#### Work order:
Character for character, reproduce every entry below.

#### Dataset excerpts:
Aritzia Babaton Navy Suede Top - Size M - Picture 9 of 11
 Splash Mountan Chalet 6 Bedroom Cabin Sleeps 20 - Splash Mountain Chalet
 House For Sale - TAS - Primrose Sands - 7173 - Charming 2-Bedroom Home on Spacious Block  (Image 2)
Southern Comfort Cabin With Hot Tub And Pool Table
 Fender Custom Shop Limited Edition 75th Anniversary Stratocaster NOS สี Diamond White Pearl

#### Exercise result:
Aritzia Babaton Navy Suede Top - Size M - Picture 9 of 11
 Splash Mountan Chalet 6 Bedroom Cabin Sleeps 20 - Splash Mountain Chalet
 House For Sale - TAS - Primrose Sands - 7173 - Charming 2-Bedroom Home on Spacious Block  (Image 2)
Southern Comfort Cabin With Hot Tub And Pool Table
 Fender Custom Shop Limited Edition 75th Anniversary Stratocaster NOS สี Diamond White Pearl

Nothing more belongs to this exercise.